**Short web captions:**
^^^^^^^^

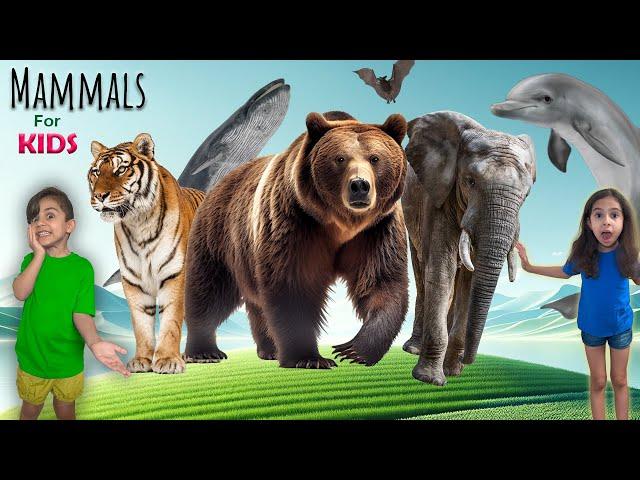 Educational Animal Video For Kids | Learning Land, Sea, and Sky Mammals | Atrin & Soren's Adventure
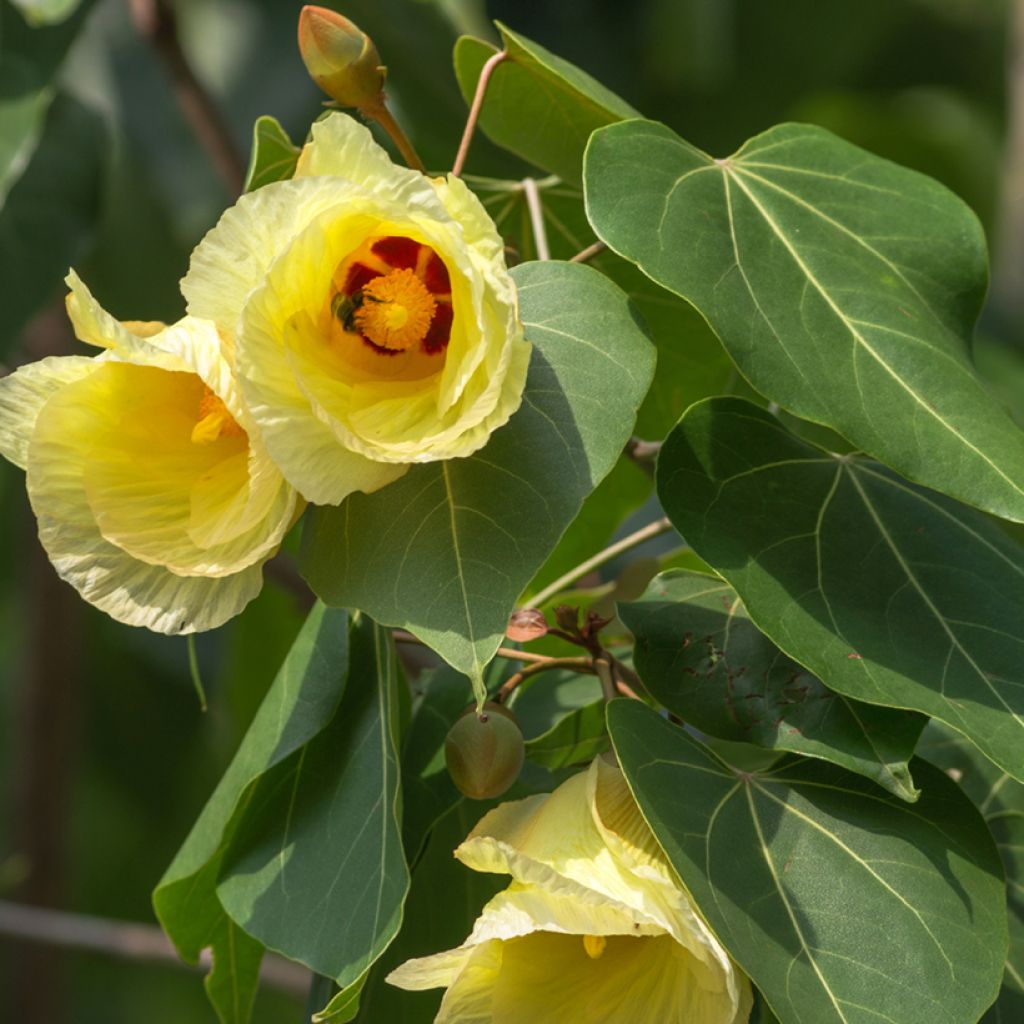 Polynesianmilopuu - Thespesia populnea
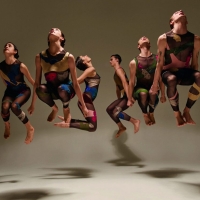 Stephen Petronio Company Announces Online Programming and More Video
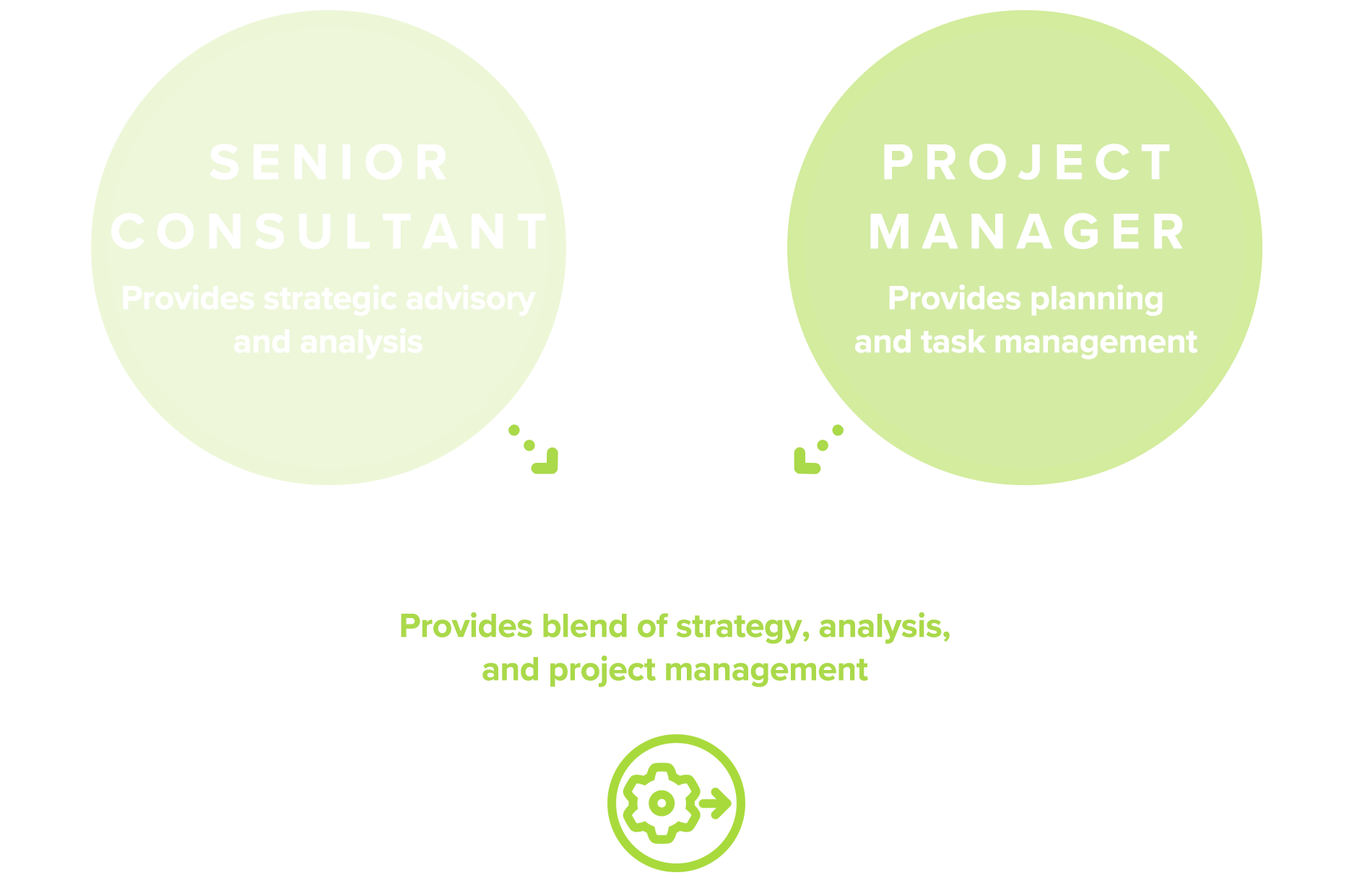 infographic showing that a Senior Consultant and a Project Manager share qualities in common with a Bright Talent Program Manager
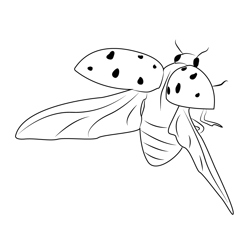 Flying Ladybug Free Coloring Page for Kids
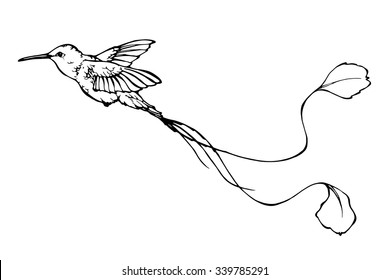 vector outline illustration of colibri with long tail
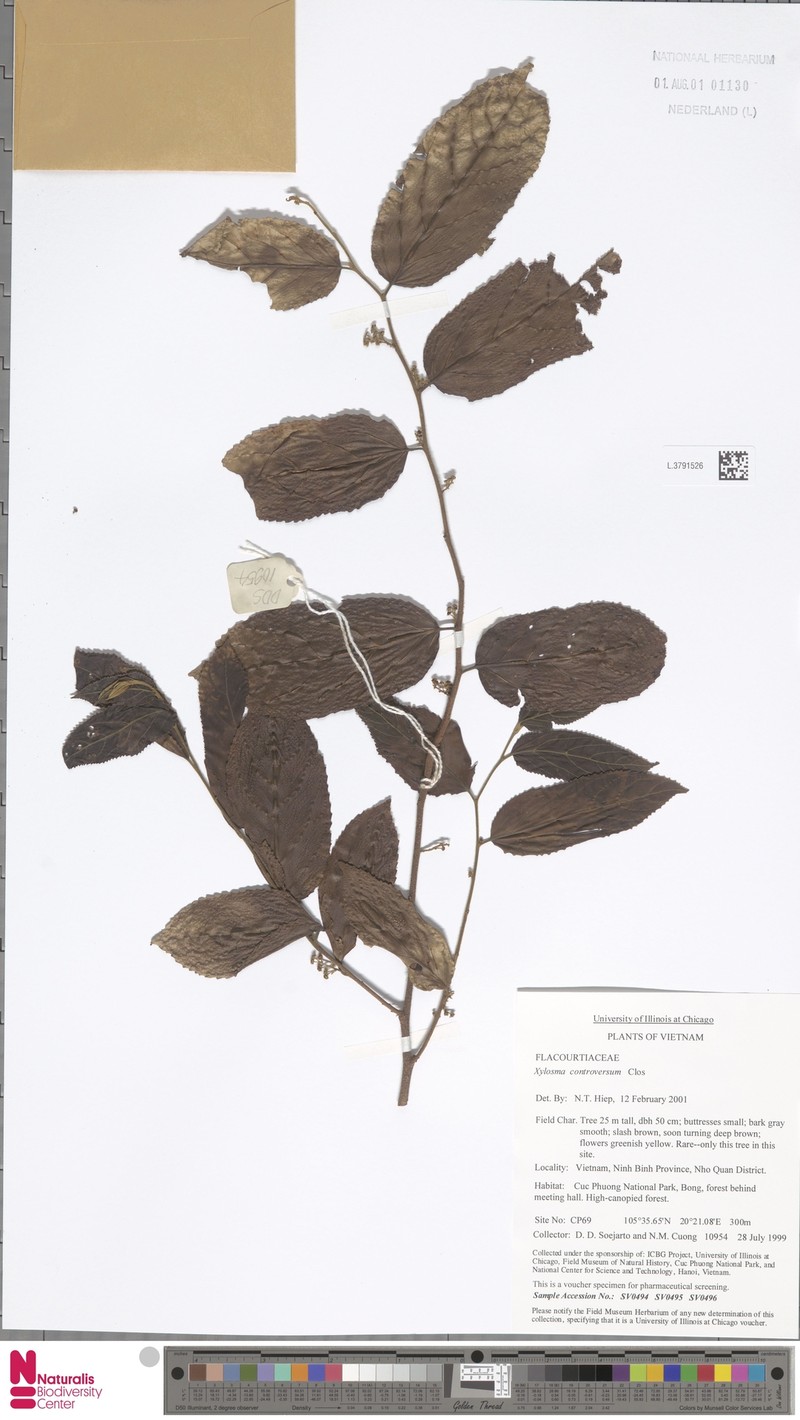 Xylosma controversa photo 2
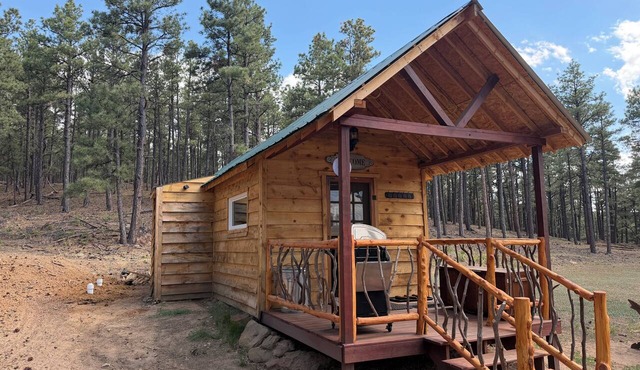 Newly built 1-bedroom cabin with loft in charming Aguilar for a cozy stay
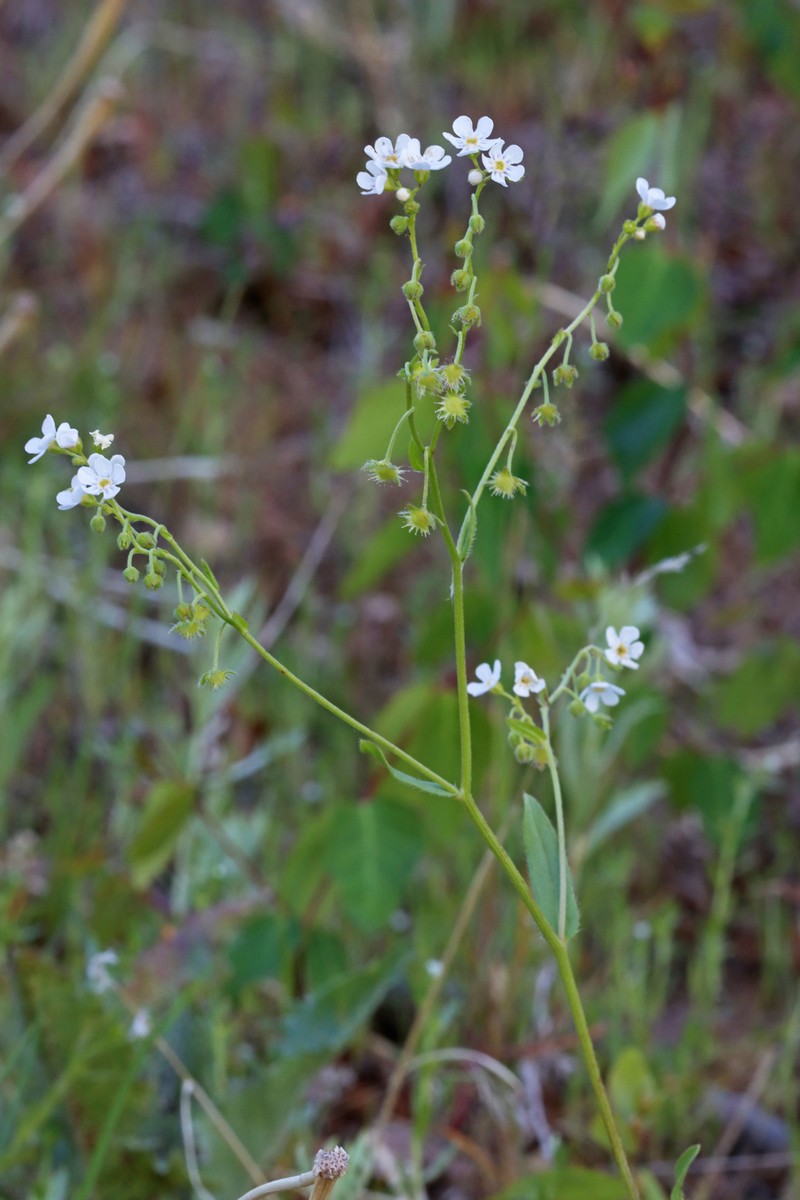 Hackelia patens var. patens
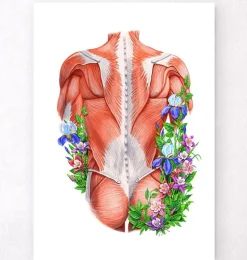Rücken Anatomie I - Floral - Weiß | Codex Anatomicus Discount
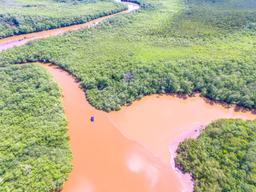 aerial view tamarindo estauary canals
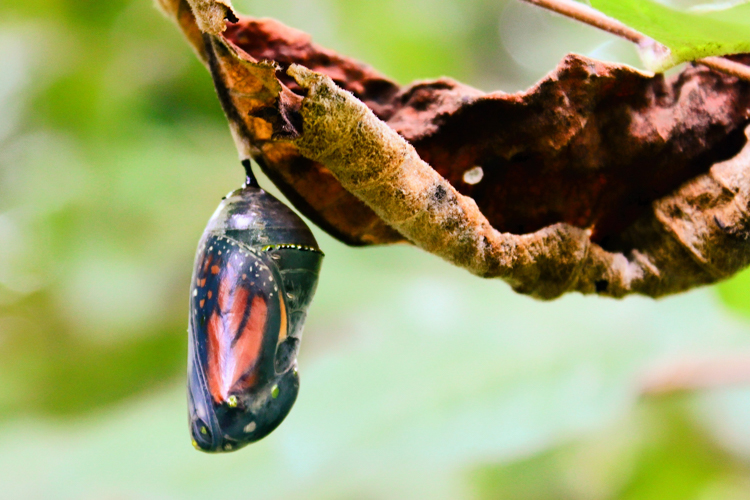 Monarch Chrysalis © Oscar Esposito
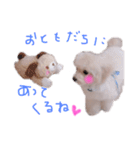 赤ちゃんプードルのラテちゃん1（個別スタンプ：10）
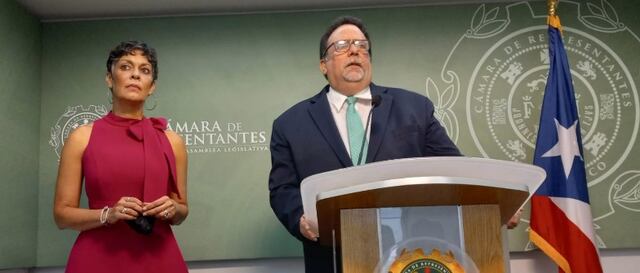 Miembros del PIP rechazan propuesta para privatizar la generación de la AEE
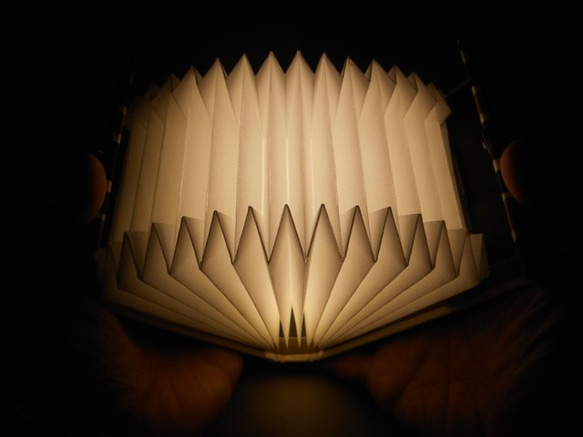 ブック型ライト「Shell-Light」-ダークウッド 2枚目の画像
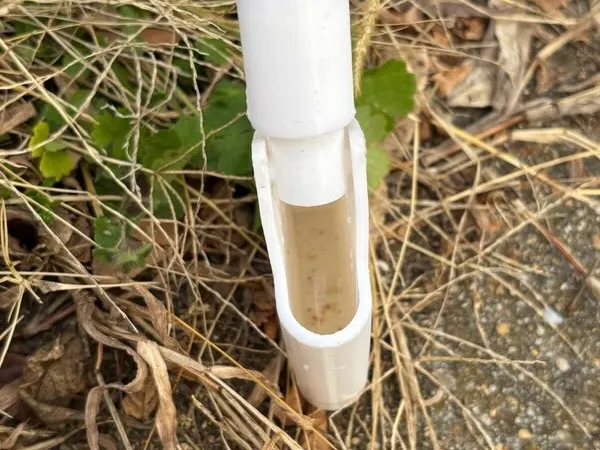Mosquito Dipper 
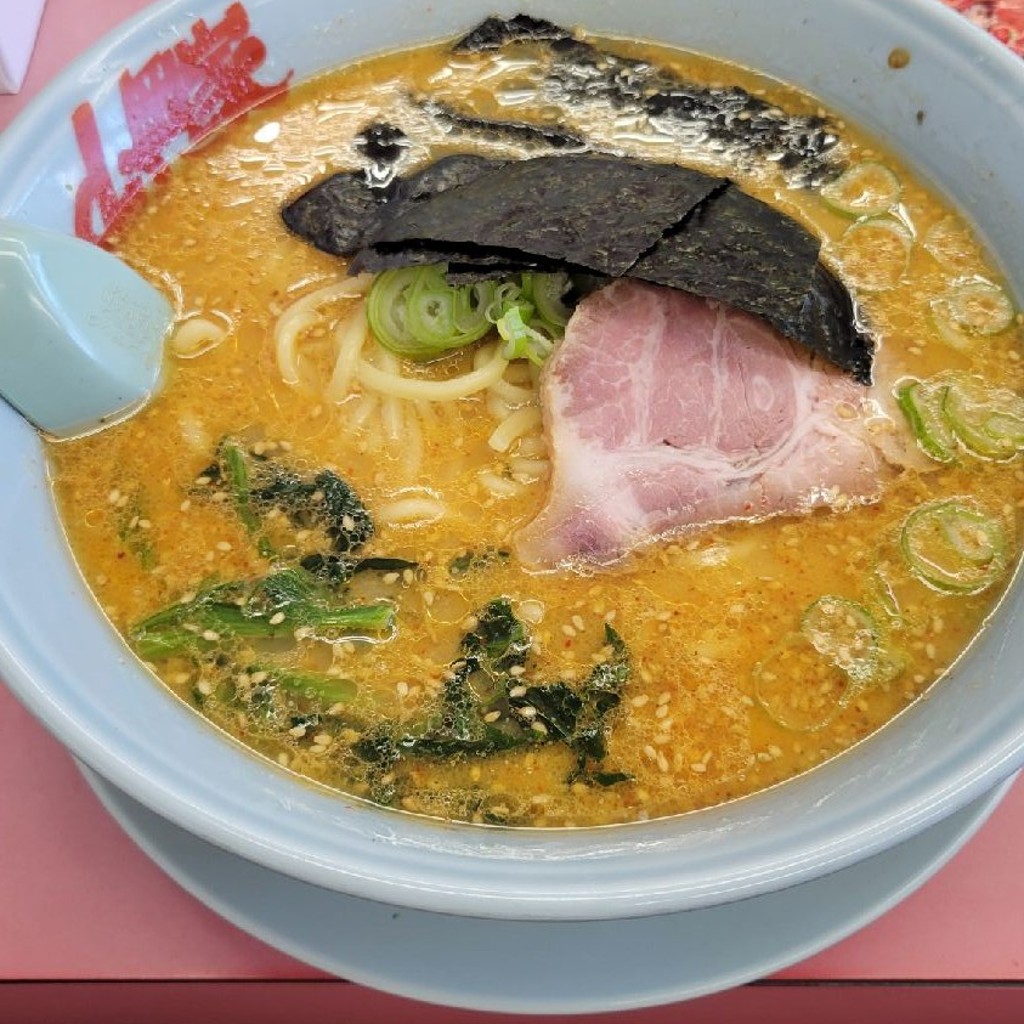 ユーザーが投稿した特製味噌ラーメンの写真 - 実際訪問したユーザーが直接撮影して投稿したウイング土屋ラーメン専門店ラーメン山岡家 成田店の写真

^^^^^^^^

**WHAT NEEDS TO BE DONE:** Using the data above, return the lines from the one holding "Flying Ladybug Free Coloring Page for Kids" through the one holding "Mosquito Dipper" exactly, but not the pictures.

**ANSWER TO THE PROBLEM:**
 Flying Ladybug Free Coloring Page for Kids
 vector outline illustration of colibri with long tail
 Xylosma controversa photo 2
 Newly built 1-bedroom cabin with loft in charming Aguilar for a cozy stay
 Hackelia patens var. patens
Rücken Anatomie I - Floral - Weiß | Codex Anatomicus Discount
 aerial view tamarindo estauary canals
 Monarch Chrysalis © Oscar Esposito
 赤ちゃんプードルのラテちゃん1（個別スタンプ：10）
 Miembros del PIP rechazan propuesta para privatizar la generación de la AEE
 ブック型ライト「Shell-Light」-ダークウッド 2枚目の画像
Mosquito Dipper 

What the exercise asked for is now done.